Oil prices climbed on Tuesday after five days of declines as the United States and China prepared to sign a preliminary trade deal and as Middle East tensions eased.
U.S. West Texas Intermediate (WTI) crude was up 39 cents, or 0.7%, at $58.47.
Brent futures were up 66 cents, or 1%, at $64.86 a barrel by 12:45 p.m. EST (1745 GMT)
That put WTI front-month futures on track to close below the second month CLc1-CLc2 for the first time since Nov. 19, which is known in the trading industry as contango.
In addition, oil also found technical support after WTI fell to a more than five-week low of $57.72 before bouncing off the 200-day moving average.
The outlook for oil demand was supported by the expected signing of a Phase 1 U.S.-China trade agreement on Wednesday, marking a major step in ending a dispute that has cut global growth and dented demand for oil.
“Oil prices are tentatively rebounding after seller exhaustion kicked (in) as investors await the next developments on the trade front and whether we see a strong pickup with global demand following the phase-one trade deal,” Edward Moya, senior market analyst at OANDA in New York, said in a report.
China has pledged to buy more than $50 billion in energy supplies from the United States over the next two years, according to a source briefed on the trade deal.
Despite the trade dispute, China’s crude oil imports in 2019 surged 9.5% from the previous year, setting a record for a 17th straight year as demand growth from new refineries propelled purchases by the world’s top importer, data showed.

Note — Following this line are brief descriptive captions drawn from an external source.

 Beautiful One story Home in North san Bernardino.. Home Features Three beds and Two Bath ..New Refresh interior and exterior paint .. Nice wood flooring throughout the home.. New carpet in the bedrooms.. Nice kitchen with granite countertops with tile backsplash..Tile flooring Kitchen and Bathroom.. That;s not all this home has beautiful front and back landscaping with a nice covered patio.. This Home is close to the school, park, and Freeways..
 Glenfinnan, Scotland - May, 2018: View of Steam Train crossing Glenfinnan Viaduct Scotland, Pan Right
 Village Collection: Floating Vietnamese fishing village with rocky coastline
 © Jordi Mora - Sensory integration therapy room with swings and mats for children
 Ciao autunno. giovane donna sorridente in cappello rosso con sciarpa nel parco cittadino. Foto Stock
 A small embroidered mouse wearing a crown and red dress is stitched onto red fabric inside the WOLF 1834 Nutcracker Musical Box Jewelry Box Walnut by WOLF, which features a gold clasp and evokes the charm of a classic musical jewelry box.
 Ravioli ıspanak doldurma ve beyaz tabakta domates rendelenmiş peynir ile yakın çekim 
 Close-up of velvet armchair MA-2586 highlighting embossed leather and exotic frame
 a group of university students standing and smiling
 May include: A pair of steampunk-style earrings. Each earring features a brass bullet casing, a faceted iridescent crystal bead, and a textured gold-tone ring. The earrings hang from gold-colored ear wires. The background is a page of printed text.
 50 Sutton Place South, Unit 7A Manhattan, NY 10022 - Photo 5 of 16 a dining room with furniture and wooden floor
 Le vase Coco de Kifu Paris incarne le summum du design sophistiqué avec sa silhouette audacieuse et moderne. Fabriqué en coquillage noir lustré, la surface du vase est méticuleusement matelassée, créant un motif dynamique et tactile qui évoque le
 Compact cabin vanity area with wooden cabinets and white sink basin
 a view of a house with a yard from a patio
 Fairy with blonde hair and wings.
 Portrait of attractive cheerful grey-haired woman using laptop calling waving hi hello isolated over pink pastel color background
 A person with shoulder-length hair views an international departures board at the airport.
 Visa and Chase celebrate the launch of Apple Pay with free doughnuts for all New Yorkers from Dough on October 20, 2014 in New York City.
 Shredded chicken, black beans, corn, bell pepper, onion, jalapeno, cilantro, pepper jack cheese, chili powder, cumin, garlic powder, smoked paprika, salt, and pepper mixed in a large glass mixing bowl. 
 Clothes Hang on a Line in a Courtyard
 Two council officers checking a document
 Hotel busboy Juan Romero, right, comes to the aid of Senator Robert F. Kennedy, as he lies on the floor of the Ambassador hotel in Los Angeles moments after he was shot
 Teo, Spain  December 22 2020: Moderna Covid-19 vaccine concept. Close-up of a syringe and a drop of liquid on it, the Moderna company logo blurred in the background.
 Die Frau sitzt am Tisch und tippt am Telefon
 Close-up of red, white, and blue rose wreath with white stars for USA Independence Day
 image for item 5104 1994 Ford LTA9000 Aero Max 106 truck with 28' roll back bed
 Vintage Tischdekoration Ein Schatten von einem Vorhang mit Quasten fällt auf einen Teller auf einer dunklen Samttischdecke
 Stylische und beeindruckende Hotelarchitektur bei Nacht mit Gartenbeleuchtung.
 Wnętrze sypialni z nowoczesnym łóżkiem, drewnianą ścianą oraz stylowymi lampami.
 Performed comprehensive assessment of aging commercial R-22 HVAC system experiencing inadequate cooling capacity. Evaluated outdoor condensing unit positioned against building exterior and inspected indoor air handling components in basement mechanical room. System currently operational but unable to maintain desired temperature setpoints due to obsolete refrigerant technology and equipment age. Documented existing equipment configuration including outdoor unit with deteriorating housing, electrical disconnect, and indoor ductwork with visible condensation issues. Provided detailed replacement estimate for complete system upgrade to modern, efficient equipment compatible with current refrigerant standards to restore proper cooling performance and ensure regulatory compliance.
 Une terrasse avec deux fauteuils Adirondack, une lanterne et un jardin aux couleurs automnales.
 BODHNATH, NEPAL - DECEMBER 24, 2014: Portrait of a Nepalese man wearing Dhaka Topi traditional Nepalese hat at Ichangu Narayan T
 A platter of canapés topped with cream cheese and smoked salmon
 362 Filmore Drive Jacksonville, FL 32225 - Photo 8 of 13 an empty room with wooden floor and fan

However, gains were limited as concerns about possible supply disruptions eased due to a decline in tensions in the Middle East.
The recent declines came as investors unwound bullish positions built after the recent killing of a senior Iranian general in a U.S. air strike which sent oil prices to a four-month high earlier this month, said Harry Tchilinguirian, global oil strategist at BNP Paribas in London.
“As geopolitical tensions take a back seat for now, we may see more of the same in the short term,” Tchilinguirian told the Reuters Global Oil Forum.
Saudi Arabia’s energy minister, Prince Abdulaziz bin Salman, said his country would work for oil market stability amid heightened U.S.-Iranian tensions.
He also said it was too early to talk about whether the Organization of the Petroleum Exporting Countries (OPEC) and its allies, a group known as OPEC+, would continue with production curbs that are due to expire in March.
Separately, U.S. crude oil inventories likely declined by 0.8 million barrels last week, a preliminary Reuters poll showed on Monday.
The poll was conducted ahead of reports from the American Petroleum Institute (API), an industry group, on Tuesday, and the Energy Information Administration on Wednesday.